Diamonds are hard but buying them shouldn’t be. That’s the motto of the chatbot. Rocky the bear evaluates diamonds on parameters such as carat, cut, color, clarity, polish and depth to help customers understand how these variables influence the cost of diamonds. It is an education intensive bot. Rare Carat uses machine learning, data science, deep learning specifically Convolutional Neural Networks and computer vision to determine what is a good deal.
“Rare Carat's technology pulls on the deep trove of data that it has generated over the last four months, including 10 million data points on diamond prices and parameters, as well as more than 2 million user searches, and more than 100,000 messages the company has exchanged with users,” reveals Anand.
And that’s not all. Rocky goes to school every day. A certified gemologist appraiser studies everything that Rocky has done through the day. This information is put into the NLP and Rocky gets a little smarter with every passing day, “ he shares.
Gem of an idea
Since its launch, Rocky has seen a good traction with customers. “Rocky is like an unbiased gemologist. It works with you to help you find that perfect diamond without resorting to coercive tactics,” Anand avers.
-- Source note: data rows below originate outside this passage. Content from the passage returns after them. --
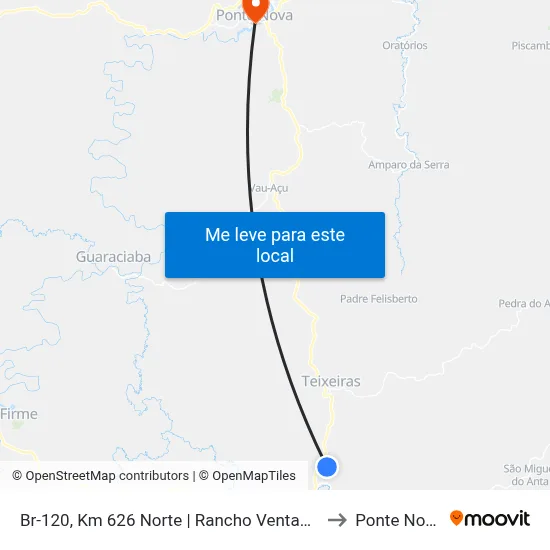 Br-120, Km 626 Norte | Rancho Ventania to Ponte Nova map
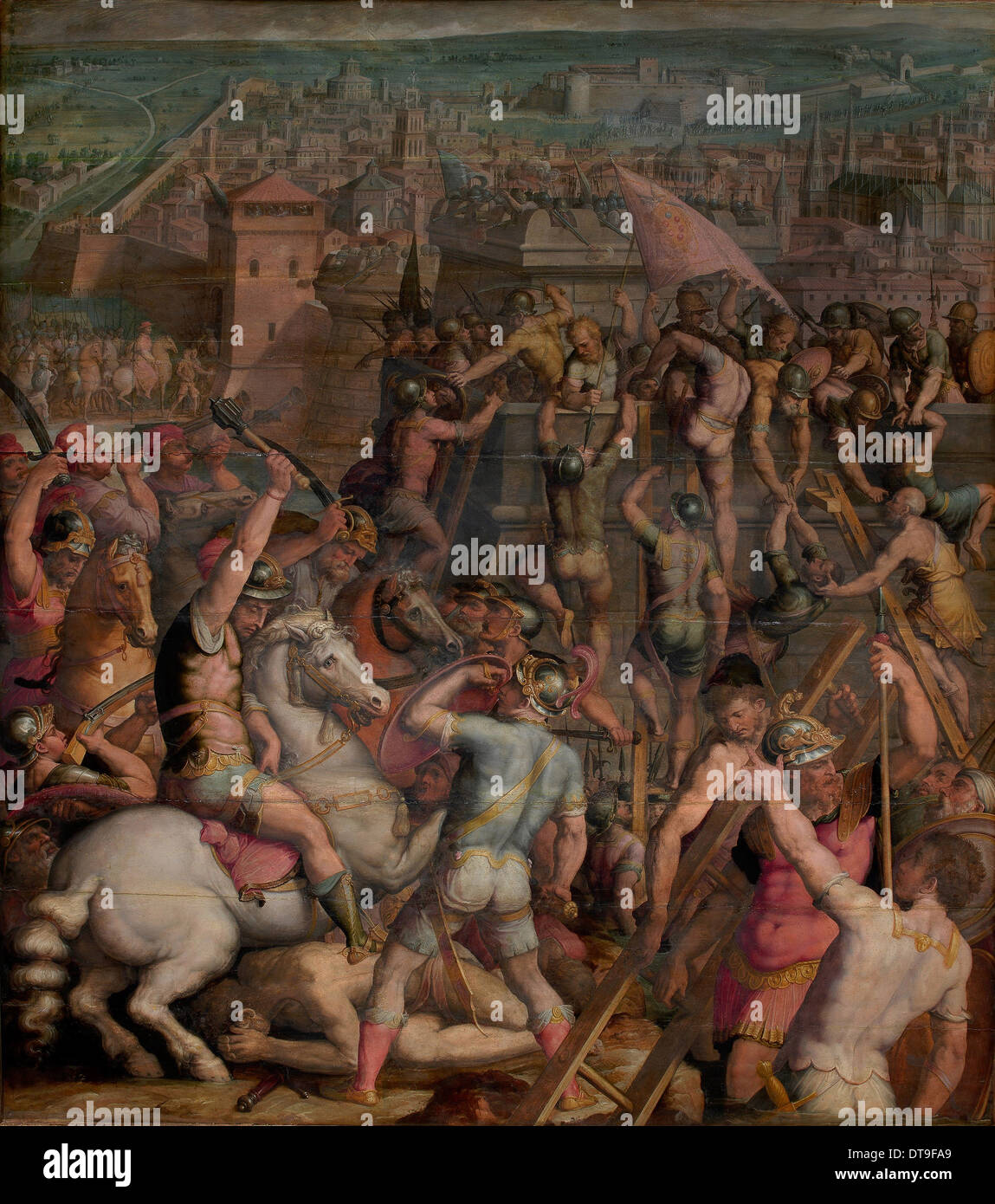 The taking of Milan, 1555-1562. Artist: Vasari, Giorgio (1511-1574) Stock Photo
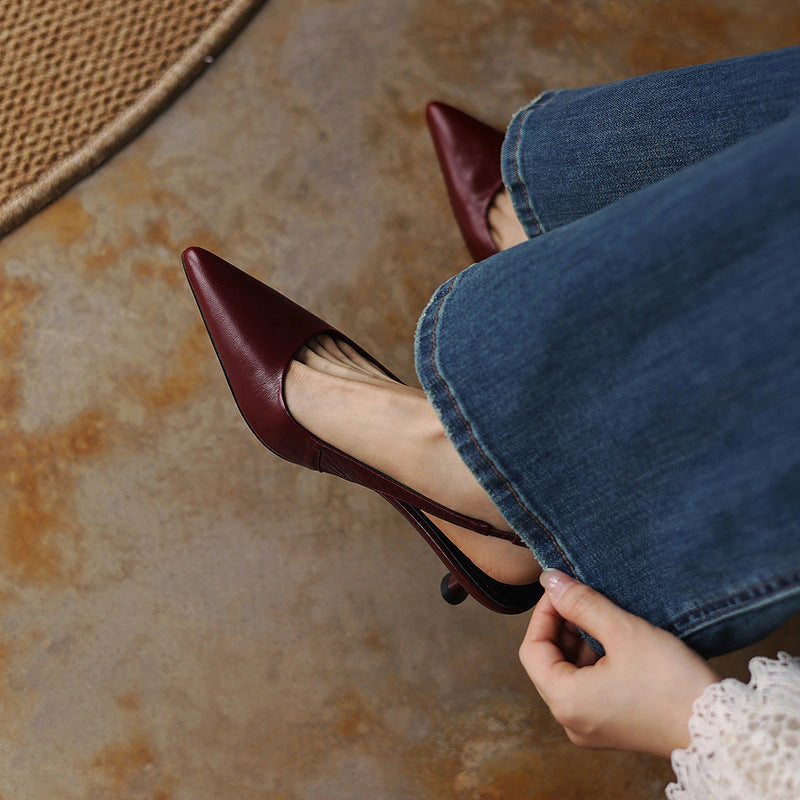 Laure Lambskin Leather Slingback Heels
The numbers speak for themselves. In just 338 days the chatbot has helped Rare Carat amass a 1,234,770 strong user base and seen 2,296,117 searches on its platform. Six months into its launch, Rare Carat had powered more than one million diamond searches and driven tens of millions of dollars of diamond sales With the use of AI, Anand has struck upon a gem of an idea to help customers get their money’s worth. As the next logical step, Rare Carat is toying with the idea of virtual reality to emulate the process of trying on a ring and envisioning what a ring would look like once tried on.
“In future, we will also explore additional Watson services, like Watson Vision to read grading reports. Rocky is programmed to learn from his conversations over time, giving diamond-purchasers access to a diamond-expert at their convenience,” he informs.
Diamonds, they say, are a woman’s greatest weakness and a man’s greatest expense. But now with Rocky’s rock solid tips, customers can indulge in diamond shopping without paying a king’s ransom.
“We are not targeting the customer segment that wants luxury retail experience at jewelry brands like Tiffany’s, Hary Winston, and Cartier. We want to touch a vast majority of customers who just want to make sure they are getting their money’s worth,” concludes Anand.